Pasta with Peas and Pancetta is one of our family favorites. Orecchiette Pasta is shaped like little “ears” and is perfect to cradle the peas and pancetta. This recipe does not use any cream. The chicken stock, pancetta fat, and olive oil give it a nice richness. I prefer to buy a whole piece of pancetta from the deli counter and cube it myself. No salt is required in this dish. The pancetta and parmesan are enough. Don’t let the pasta overcook.
Peas & Pancetta with Orecchiette Pasta
This is a versatile recipe. if you don't have pancetta you can substitute Italian sausage or regular bacon. You can also make this a vegetarian dish and leave out the pancetta.
Ingredients
- ½ lb cubed pancetta
- 1 TB olive oil
- 1 medium onion diced
- 5 cloves garlic chopped
- 1 ½ cups frozen peas
- red & black pepper to taste
- 1 cup chicken stock
- 1 lb orecchiette pasta
- 1 TB salt
- ½ cup grated parmesan cheese
Instructions
- Fry the pancetta in olive over a medium heat until crisp in a large saute pan.. Keep the fat that is rendered from the pancetta.
- Add the onions and garlic and fry for 1-2 minutes.

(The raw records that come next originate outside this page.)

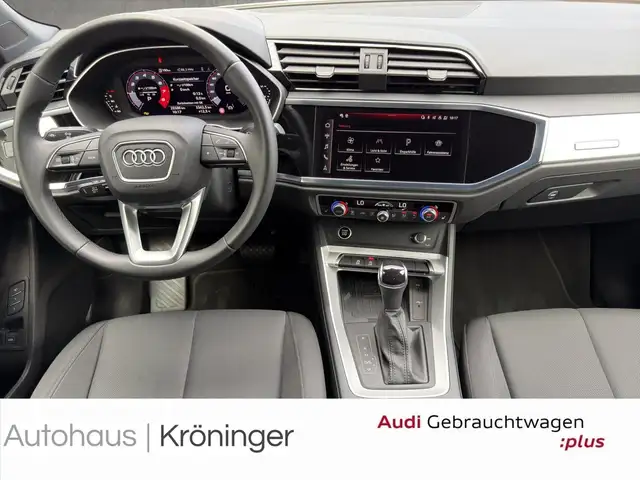 Audi Q3 view 13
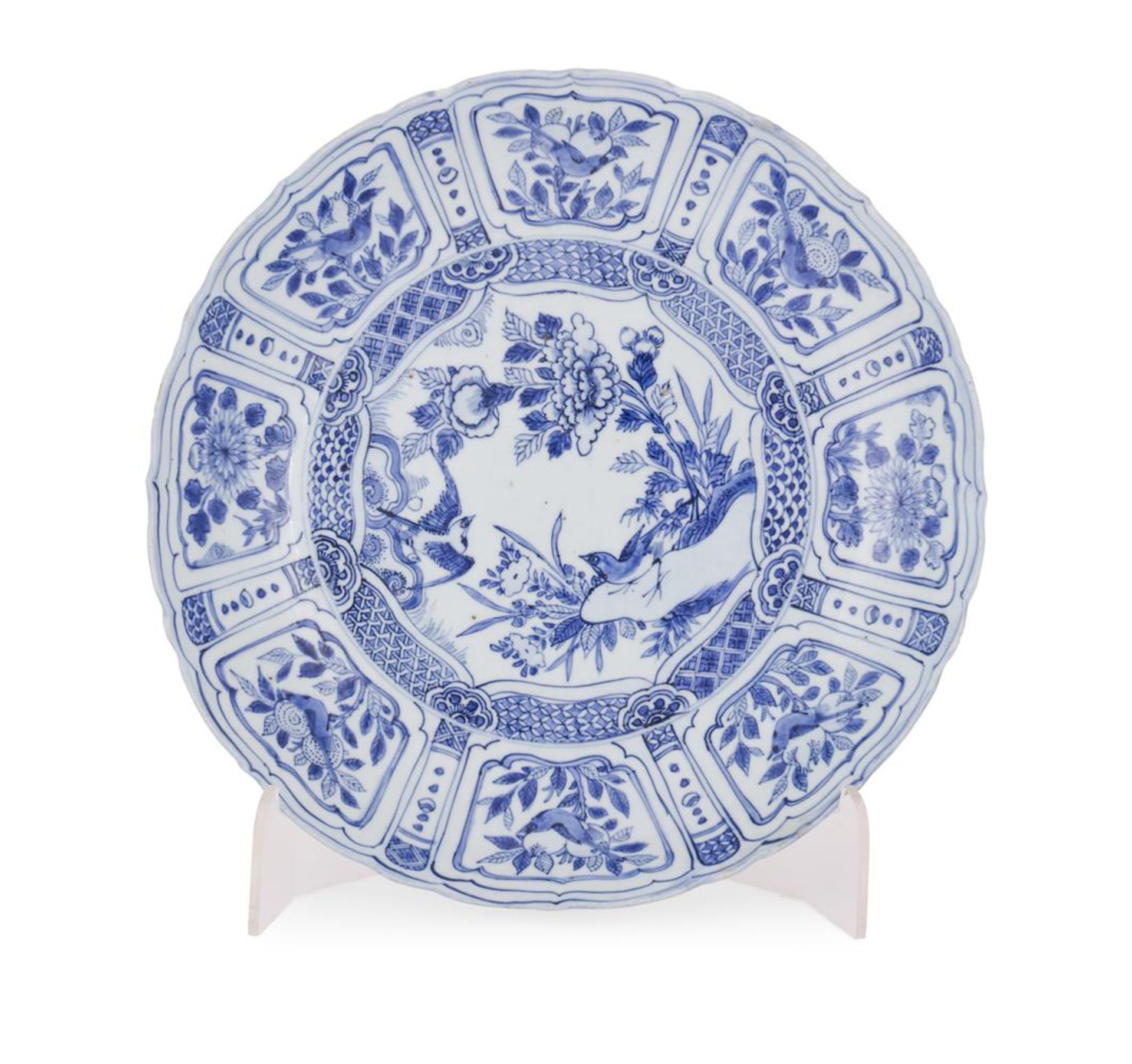 A LARGE CHINESE BLUE AND WHITE KRAAK LOBED PLATE, WANLI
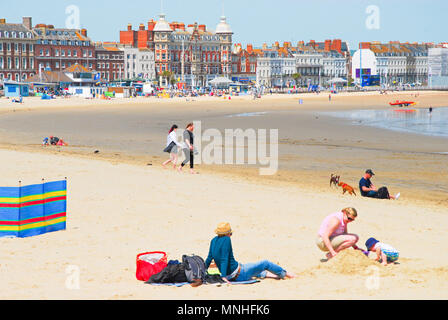 Weymouth. 17. Mai 2018. Menschen aller Alters genießen Sie die Sehenswürdigkeiten und Klänge von Weymouth Beach an einem heißen und sonnigen Frühling Credit: stuart Hartmut Ost/Alamy leben Nachrichten Stockfoto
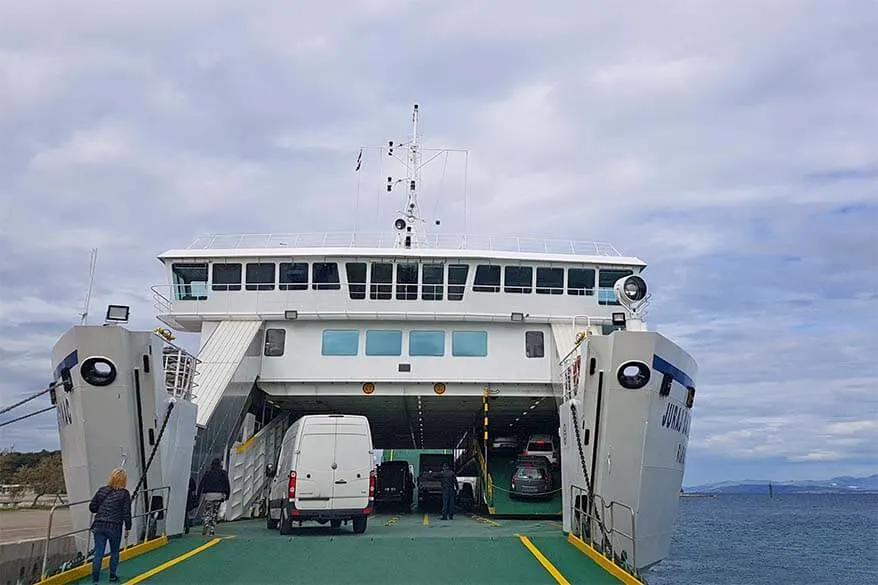 How to get to Brac island - ferry from Split or Makarska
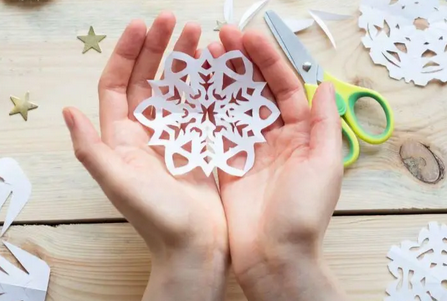 Ide Dekorasi Natal dari Kertas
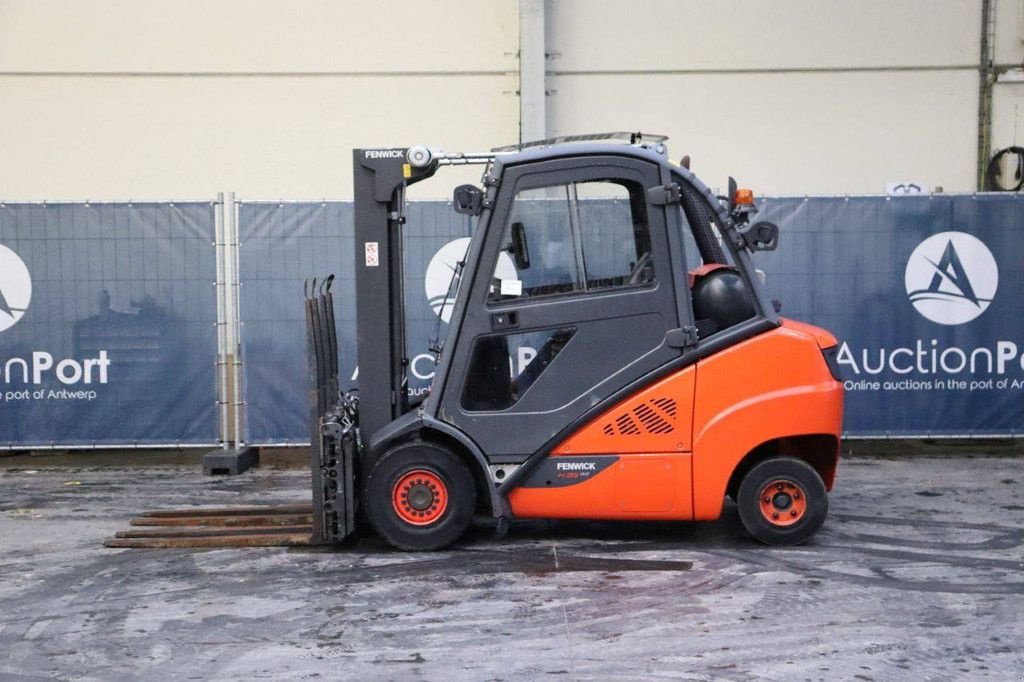 Frontstapler van het type Linde H35T-02, Gebrauchtmaschine in Antwerpen (Foto 2)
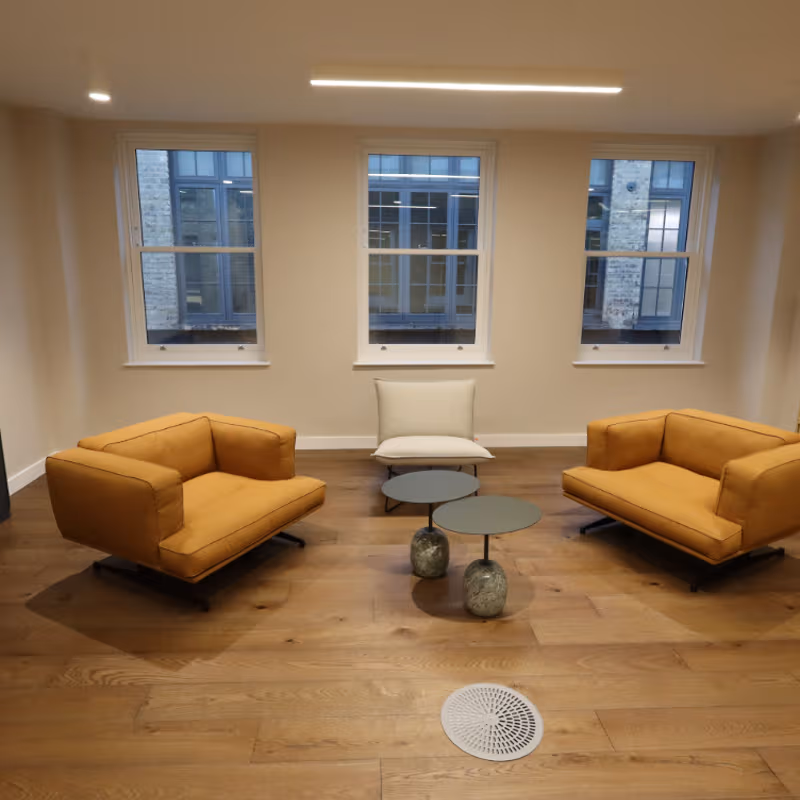 3 Kingly Court Carnaby, London - Image 5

- Add the peas, peppers, and chicken stock and simmer for 10 minutes.
- Boil the pasta for 9 minutes in salted water until “al dente”.

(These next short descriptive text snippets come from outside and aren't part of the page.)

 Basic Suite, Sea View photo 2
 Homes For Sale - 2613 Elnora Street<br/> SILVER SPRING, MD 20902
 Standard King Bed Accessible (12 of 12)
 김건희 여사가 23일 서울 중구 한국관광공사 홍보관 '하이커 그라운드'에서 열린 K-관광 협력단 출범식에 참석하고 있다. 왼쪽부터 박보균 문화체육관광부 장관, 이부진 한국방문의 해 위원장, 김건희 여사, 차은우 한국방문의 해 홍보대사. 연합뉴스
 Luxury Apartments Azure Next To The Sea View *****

- Transfer the pasta to the saute pan with a slotted spoon.
- Mix well and add the parmesan cheese. Simmer for 2 more minutes.
- Serve immediately.
Marcy
That was really delicious Cara. Vince made enough for dinner again tomorrow
Great recipe???
homemadeitaliancooking
Thank you Marcy!!IT is one of my favorite dishes too!. The more garlic the better.
Marcy Cipolla
My dear cousin...we have been making pasta and peas for years, but this was the first time we used your recipe and it was a home run. The pancetta and the peppers gave it a nuance that made it the best ever.we are following all your recipes and will be trying more of them. Keep up the good work
Your cousin Vince
homemadeitaliancooking
Thank you so much!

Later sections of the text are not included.